Post-doctoral Positions: Old


Postdoctoral Fellowship: Solidification microstructure and texture in additive manufacturing
(January 30, 2018)

The Research Project

Background
Additive manufacturing is about to revolutionize metallurgy. The new processes open up new ways of meeting performance requirements for metallic parts, for example by complex geometries, by the design of novel structural materials, or by refined control of material chemistry and microstructure. One of the most widely used additive processes is selective laser melting (SLM). In SLM the metal powder is deposited in thin layers and melted by a laser beam that constructs the 3D shape layer by layer. The solidification is fast compared to conventional processes and the material undergoes several thermal cycles corresponding to successive passes of the heat source.

The microstructure that forms during the solidification in this process is strongly anisotropic and exhibits crystalline texture. Experimental investigations have shown a complex dependence of the texture patterns on the process parameters. The microstructure determines the mechanical properties of the manufactured part.

Objective
The objective of the project is to elucidate the phenomena at the origin of the texturing of the solidification microstructure. We will investigate the growth competition of growing columnar grains in the conditions particular to SLM. Systematic experiments on simple configurations will be performed in an SLM machine using nickel-based superalloys. The microstructure characterizations will be complemented by numerical model analyses using a novel mesoscopic model of dendritic solidification. This is the model of choice for studying phenomena in microstructure growth that involve interactions and competition of a large number of grains.

The postdoctoral fellow will be involved in the numerical modeling and in the analyses of the experimental microstructure characterizations. He will work with an interdisciplinary team of specialists in metallurgy, solidification, multiscale modeling, and laser melting processes. The postdoc will be based at the Institut Jean Lamour (IJL) in Nancy. The SLM experiments will be performed at the Laboratoire Interdisciplinaire Carnot de Bourgogne (ICB).

Duration
12 months, starting date possible from February 1, 2018

Scientific Supervisors
Miha Založnik, CNRS Associate Scientist
Julien Zollinger, Assistant Professor, EEIGM

Funding
The project is funded by the Technological Research Institute on Materials, Metallurgy and Processes, IRT M2P and by the French National Research Agency (ANR).

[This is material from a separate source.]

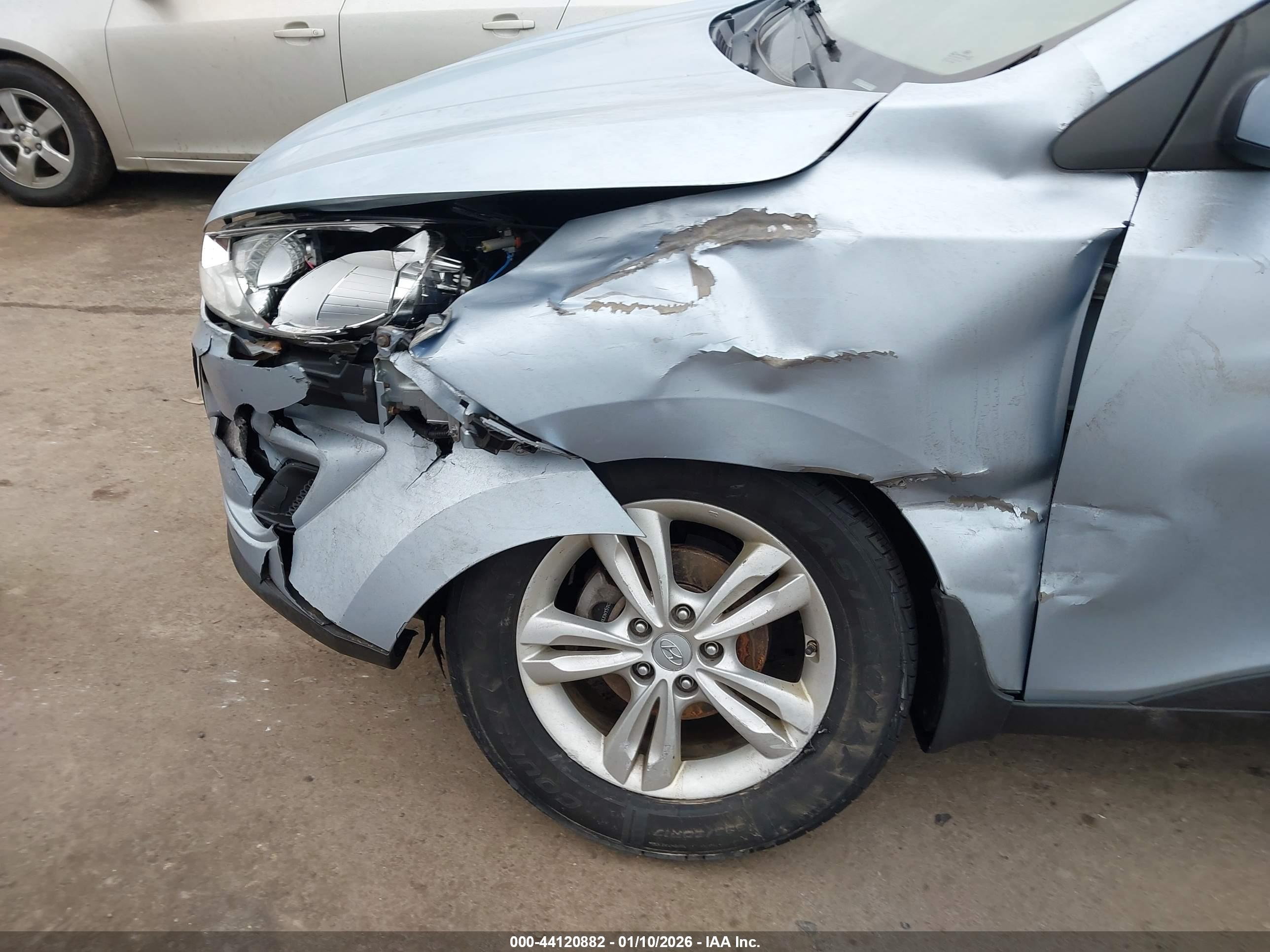 HYUNDAI TUCSON image 6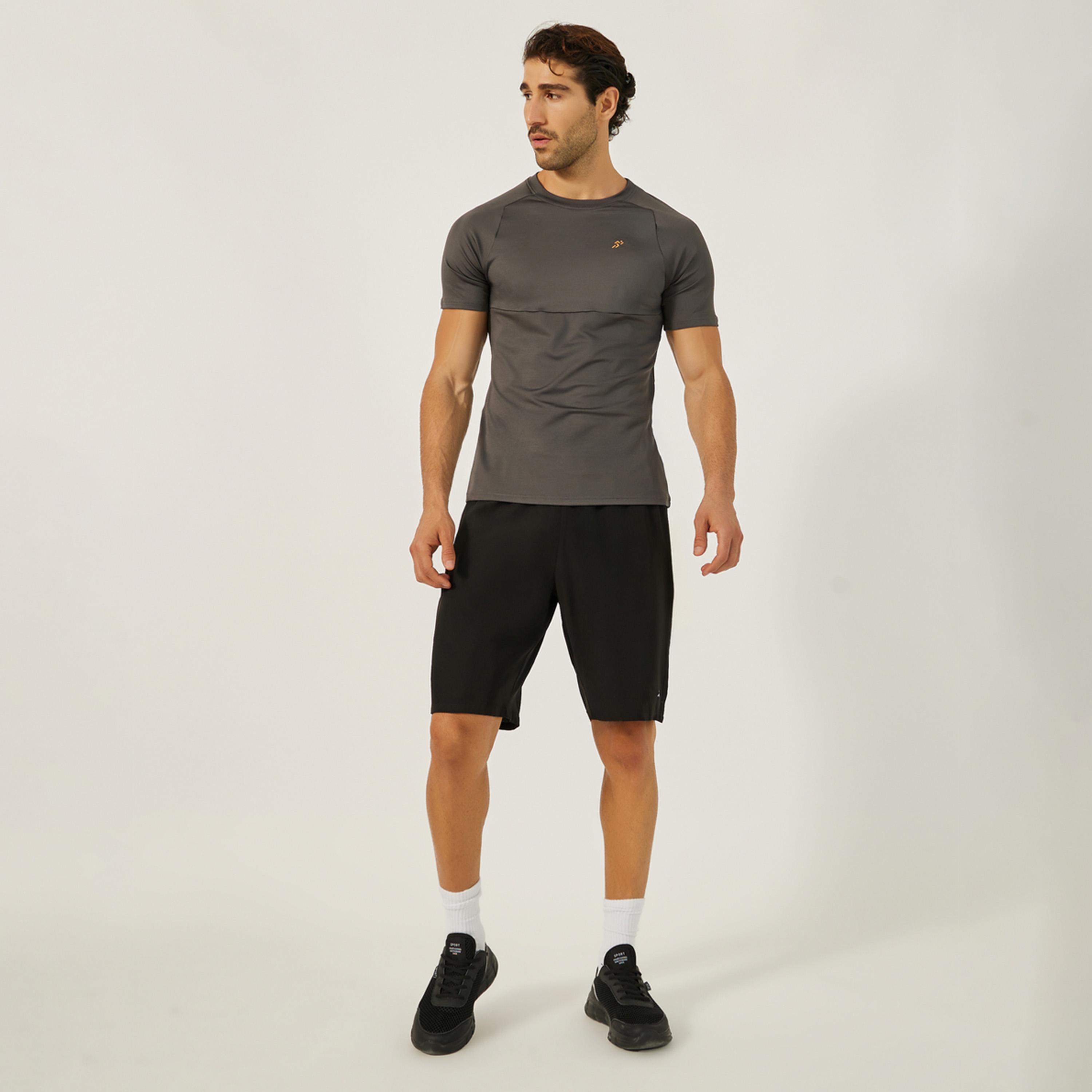 ستايلي - شورت بحزام خصر مطبوع وتفاصيل جيب بسحاب-sports-men-clothing-bottoms-shorts-image-2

Requirements for Applicants

  • PhD in materials science, physics or mechanical engineering
  • Sense of initiative and capacity of teamwork
  • Good notions of heat & mass transfer, phase change and phase transformations
  • Good notions in electronic microscopy – an experience with EBSD is an advantage
  • Good notions of numerical methods and experience in computer programming (C++), experience with OpenFOAM is an advantage

Additional Information
Work location Institut Jean Lamour, Département SI2M – Solidification Group, Campus Artem, Nancy, France

Institut Jean Lamour Institut Jean Lamour, consisting of more than 500 researchers, PhD students and technical staff, is the largest materials science research center in France. We work in metallurgy, nanomaterials, plasma physics, surface physicochemistry. The Department of Science and Engineering of Materials and Metallurgy (SI2M) works mainly in metallurgical processes ranging from liquid metal treatment over solidification to solid transformation processes; all with the objective to control the formation of the structure and the properties of the final product. In the Solidification Group we study the formation of the structure during solidification of metal alloys, by modeling and experimentation. We work in tight collaboration with the industry and with international academic partners on a wide spectrum of projects, integrating industrial and fundamental problems. The SI2M department is comprised of around 90 people, there of 35 PhD students from 11 countries.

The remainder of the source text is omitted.